In moving the PAN to a more public setting like a department store, Food market, or an airport (as in figure 2), many new exciting and convenient Mobile Commerce Services including wireless payment transactions become possible. You may soon be able to arrive at an airport without adequate funds and then quickly pay your cab fare with a wireless transaction between yours and the drivers cellphones (most US cabbies now have cellphones). Or convert stored e-cash to international currencies.

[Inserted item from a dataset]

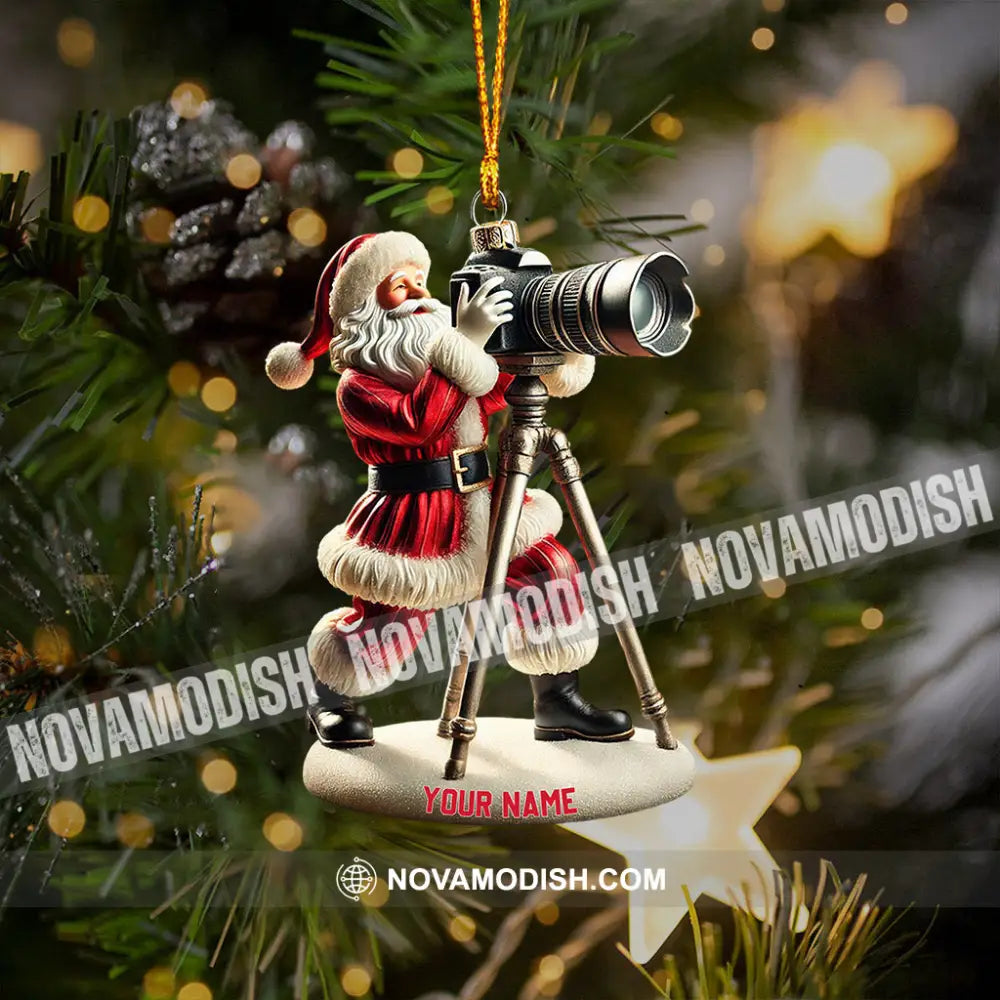 Photographer Christmas Home Decor Ornament Personalized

You will also be able to withdraw e-cash from your ATM, or pay for your goods at the checkout using your Bluetooth capable cellphone, exchange coupons, and receive an e-receipt to later download.
However, the implementation of secure wireless transactions in the easily spoofed open air PAN that connects everything and everybody to anything and anyone else has several interesting challenges including:
Link Security (Bluetooth option)
User authentication (Bluetooth provides device authentication)
Common secure transaction formats
Common transaction processing (e.g. OBI, OTP)
Compatible mobile services
Authorize transactions and authenticate customers (with/without a financial institution involved)
One of the key enablers here has to be reaching agreement on general-purpose wireless e-debit/e-credit transactions and data formats and then making those publicly available. These should be based on XML and WML to maximize interoperability.
There are many ways to overcome the user authentication roadblocks and provide the necessary interoperability using exiting standards as a basis (WAP, WML, SyncML, PKI ). However, something simpler than Digital Certificates is needed. Perhaps one could use a combination of stored financial data (credit card data) and the Caller ID service of the service operator to Identify and authenticate the registered owner of the device. Im looking forward to exploring these and other solutions in the Mobile Workshop at www9.